# THE TASK
Keep to one stretch of the data below, the lines from the one with "11 Borton Street, Balgal Beach QLD 4816" up to and including the one with "opel-astra-sport-tourer-2020-diesel-1496cc", and return that stretch exactly.
::: PROVIDED RECORDS :::
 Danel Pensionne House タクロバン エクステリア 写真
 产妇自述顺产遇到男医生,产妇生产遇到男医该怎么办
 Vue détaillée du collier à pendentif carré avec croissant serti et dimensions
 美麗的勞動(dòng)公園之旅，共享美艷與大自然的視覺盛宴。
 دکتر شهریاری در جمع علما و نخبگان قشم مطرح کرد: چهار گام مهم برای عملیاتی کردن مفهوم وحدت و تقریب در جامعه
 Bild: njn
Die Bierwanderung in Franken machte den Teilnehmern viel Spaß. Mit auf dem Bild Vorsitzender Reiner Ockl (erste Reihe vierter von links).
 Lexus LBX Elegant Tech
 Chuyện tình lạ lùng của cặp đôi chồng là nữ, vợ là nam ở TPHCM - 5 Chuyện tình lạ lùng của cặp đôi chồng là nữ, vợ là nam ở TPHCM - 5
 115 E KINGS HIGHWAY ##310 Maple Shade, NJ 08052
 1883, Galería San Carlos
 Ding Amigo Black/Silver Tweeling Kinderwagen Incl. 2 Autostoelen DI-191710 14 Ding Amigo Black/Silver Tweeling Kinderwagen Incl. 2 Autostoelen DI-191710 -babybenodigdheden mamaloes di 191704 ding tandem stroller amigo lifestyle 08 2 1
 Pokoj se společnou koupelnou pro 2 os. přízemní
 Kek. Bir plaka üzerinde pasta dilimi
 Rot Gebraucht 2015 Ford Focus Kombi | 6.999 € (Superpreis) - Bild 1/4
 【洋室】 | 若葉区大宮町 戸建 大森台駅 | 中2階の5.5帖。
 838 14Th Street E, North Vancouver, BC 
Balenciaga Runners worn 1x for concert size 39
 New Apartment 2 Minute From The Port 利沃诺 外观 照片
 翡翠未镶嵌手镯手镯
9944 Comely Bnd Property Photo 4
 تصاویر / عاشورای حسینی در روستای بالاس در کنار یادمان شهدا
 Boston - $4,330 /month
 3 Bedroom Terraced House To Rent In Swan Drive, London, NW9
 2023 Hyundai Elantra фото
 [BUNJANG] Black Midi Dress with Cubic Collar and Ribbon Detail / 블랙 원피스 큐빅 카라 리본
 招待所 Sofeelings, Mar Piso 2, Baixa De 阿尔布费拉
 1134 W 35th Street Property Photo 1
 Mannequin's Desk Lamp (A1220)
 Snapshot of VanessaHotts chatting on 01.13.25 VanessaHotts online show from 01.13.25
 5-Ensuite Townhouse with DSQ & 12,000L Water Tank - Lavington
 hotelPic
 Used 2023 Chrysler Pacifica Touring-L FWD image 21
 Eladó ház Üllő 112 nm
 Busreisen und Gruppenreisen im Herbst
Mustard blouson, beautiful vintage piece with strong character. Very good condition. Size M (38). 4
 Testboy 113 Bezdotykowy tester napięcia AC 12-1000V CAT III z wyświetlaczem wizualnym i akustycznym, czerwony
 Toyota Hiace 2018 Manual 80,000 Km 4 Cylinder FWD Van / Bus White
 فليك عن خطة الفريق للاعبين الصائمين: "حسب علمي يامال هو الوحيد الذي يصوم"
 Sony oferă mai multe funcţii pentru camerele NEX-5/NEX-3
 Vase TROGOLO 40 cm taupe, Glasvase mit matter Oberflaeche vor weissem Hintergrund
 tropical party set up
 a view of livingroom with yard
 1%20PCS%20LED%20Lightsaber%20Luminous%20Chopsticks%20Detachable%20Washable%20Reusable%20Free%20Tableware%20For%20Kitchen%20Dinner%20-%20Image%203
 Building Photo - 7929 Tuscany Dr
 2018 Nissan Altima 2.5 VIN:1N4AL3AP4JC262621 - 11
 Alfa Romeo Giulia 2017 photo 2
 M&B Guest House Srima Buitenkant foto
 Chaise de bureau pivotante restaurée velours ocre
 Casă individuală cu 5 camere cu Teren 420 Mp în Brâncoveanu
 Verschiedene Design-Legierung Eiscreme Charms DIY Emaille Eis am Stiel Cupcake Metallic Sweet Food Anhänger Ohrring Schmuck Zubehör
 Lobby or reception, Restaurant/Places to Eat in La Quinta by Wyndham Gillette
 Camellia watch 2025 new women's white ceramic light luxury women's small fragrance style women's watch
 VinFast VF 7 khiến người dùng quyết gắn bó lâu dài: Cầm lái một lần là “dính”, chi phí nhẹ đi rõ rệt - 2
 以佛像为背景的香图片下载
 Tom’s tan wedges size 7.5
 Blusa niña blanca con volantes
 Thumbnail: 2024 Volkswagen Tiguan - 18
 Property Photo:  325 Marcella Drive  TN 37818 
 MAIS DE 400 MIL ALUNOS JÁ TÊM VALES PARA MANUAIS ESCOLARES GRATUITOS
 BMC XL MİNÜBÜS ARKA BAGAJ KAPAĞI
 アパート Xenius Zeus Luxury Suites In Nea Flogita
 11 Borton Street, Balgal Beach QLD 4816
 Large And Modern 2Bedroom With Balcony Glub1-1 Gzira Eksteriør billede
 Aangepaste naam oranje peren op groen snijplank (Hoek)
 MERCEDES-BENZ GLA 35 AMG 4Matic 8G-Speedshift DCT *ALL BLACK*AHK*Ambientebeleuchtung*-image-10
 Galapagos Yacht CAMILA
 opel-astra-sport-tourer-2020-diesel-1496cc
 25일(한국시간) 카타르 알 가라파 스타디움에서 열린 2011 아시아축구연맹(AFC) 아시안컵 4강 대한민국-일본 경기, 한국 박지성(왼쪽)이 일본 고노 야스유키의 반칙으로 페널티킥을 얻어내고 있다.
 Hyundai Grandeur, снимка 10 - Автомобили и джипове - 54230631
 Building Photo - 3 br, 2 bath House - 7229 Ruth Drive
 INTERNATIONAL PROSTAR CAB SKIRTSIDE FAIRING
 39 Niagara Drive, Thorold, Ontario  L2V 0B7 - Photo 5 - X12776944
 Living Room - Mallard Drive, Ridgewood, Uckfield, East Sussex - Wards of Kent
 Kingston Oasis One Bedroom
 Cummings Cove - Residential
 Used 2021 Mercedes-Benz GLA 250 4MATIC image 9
:::
# TASK RESPONSE
 11 Borton Street, Balgal Beach QLD 4816
 Large And Modern 2Bedroom With Balcony Glub1-1 Gzira Eksteriør billede
 Aangepaste naam oranje peren op groen snijplank (Hoek)
 MERCEDES-BENZ GLA 35 AMG 4Matic 8G-Speedshift DCT *ALL BLACK*AHK*Ambientebeleuchtung*-image-10
 Galapagos Yacht CAMILA
 opel-astra-sport-tourer-2020-diesel-1496cc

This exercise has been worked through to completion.